■ Instructions for the task ■
Exactly as they appear, copy the lines of the listing from the one containing "Riegler T-Steckverschraubung Blaue" through the final line, both included, and nothing else.

■ Data ■
==*==

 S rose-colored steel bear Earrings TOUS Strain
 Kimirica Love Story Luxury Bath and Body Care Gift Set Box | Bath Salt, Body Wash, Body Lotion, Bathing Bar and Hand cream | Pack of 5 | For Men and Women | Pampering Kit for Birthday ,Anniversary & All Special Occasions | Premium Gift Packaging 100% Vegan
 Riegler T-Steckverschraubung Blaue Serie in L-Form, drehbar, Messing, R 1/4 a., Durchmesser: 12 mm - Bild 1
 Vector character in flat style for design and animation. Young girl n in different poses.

==*==

■ Exercise result ■
 Riegler T-Steckverschraubung Blaue Serie in L-Form, drehbar, Messing, R 1/4 a., Durchmesser: 12 mm - Bild 1
 Vector character in flat style for design and animation. Young girl n in different poses.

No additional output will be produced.